30 Mart günü gerçekleştirilen seçimin ardından, sandıklarda sayımın sürdüğü sırada İlçe Seçim Kurulu’na AKP Zonguldak Milletvekili Ercan Candan’ın ziyarette bulunduğu ve bunun tepkilere neden olduğunun anımsatılması üzerine de Çelik, “Bu tamamen yanlış. ‘Sayın Başbakan beni burada görevlendirdi’ dedi. Ben de kendisine ‘Sayın Başbakan Yüksek Seçim Kurulu Başkanı mı, sizi görevlendiriyor buraya? Peki ben sizinle nasıl denk olacağım? Ben siyasi partiyim ama Meclis’te sandalyem yok. Ben nasıl sizinle burada dengeyi sağlayacağım, dedim. ‘Sayın Başbakan’dan mesaj geldi, git Seçim Kurulu’na otur’ dedi. Sayın Vekilin öyle bir yetkisi yok. Bizim bu kendisine itirazlarımız sırasında da Cumhuriyet Halk Partisi’nin İlçe Başkanı geldi. Sonra kargaşa başladı. Ama orada olması hukuki değil. O gün üç kez geldi. İlk gelişinde 5-10 dakika oturdu, ikinci gelişinde ‘Ben Sayın Hakimin yanına çıkıyorum’ dedi, üçüncü gelişinde de orada otururken bu olaylar koptu.” görüşlerine yer verdi.

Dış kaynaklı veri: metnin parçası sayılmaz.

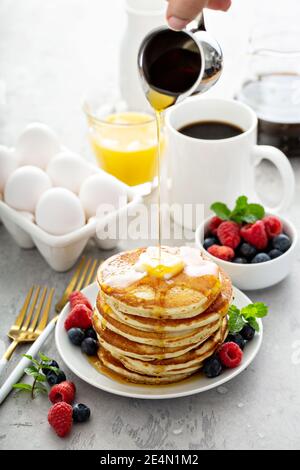 Frittelle soffici al latticello con sciroppo Foto Stock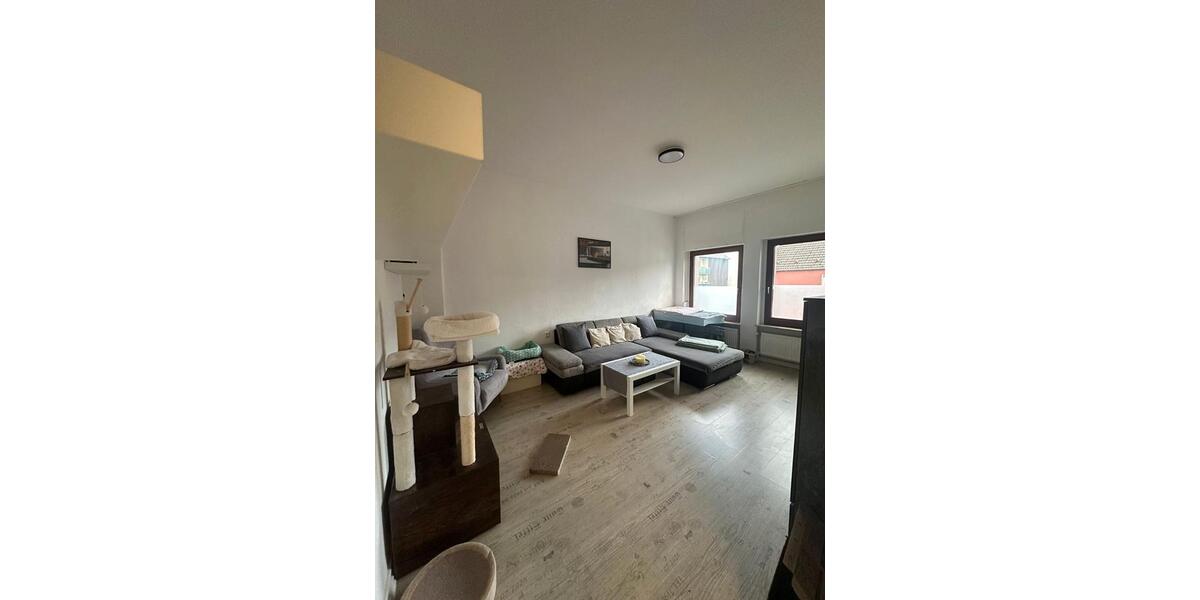 Etagenwohnung Remscheid Gemarkung Bergisch Born - 2 Zimmer, 67 m&sup2;, 500&euro; | Angebot:26196193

‘Ereğli’de seçim sonuçlarını insanlar içlerine sindirebildiler mi, yoksa şüpheler, kuşkular yaşıyorlar mı, sizin gözleminiz nedir?’ sorusunu da yanıtlayan BBP’li Çelik, şu ifadelere yer verdi: “Bir kere ben içime sindirmedim, onu söylemem gerekir. Çünkü içime sindirmem için, adaletin yerini bulması lazım. O sandıkların açılıp, sayılması lazımdı. Halkın rahat etmesi lazımdı. O şaibenin ortadan kalkması lazımdı. Burada AK Parti’nin de oyu artabilirdi, AK Parti’nin lehine de olabilirdi. Yani sandığın açılması sadece tek bir partinin lehine olmaz. Aleyhine de olabilir, lehine de olabilir. Belki açılsaydı, AK Parti bir meclis üyesi daha alacaktı. Ama ne hikmetse, açtırma taraftarı olmadılar. Açılmasın diye orada her türlü şey oldu. Bize telefon edenler var. En sonunda bıktım, telefonlarımı açmadım. Bir sonraki gelecek seçime kadar bu şaibe konuşulur. Halk tarafından konuşulur. Farklı konuşanların da bir sene sonrasına bakalım. Bir sene bir dinleyelim, bir sene sonra ne olur bakalım… Ereğli’de bir şeyi değiştireceğini tahmin etmiyorum. İnşallah değişir, güzel şeyler olur ama öyle olmayacağı düşüncesindeyim. Milletin vicdanı rahat değil. Millet soruyor.”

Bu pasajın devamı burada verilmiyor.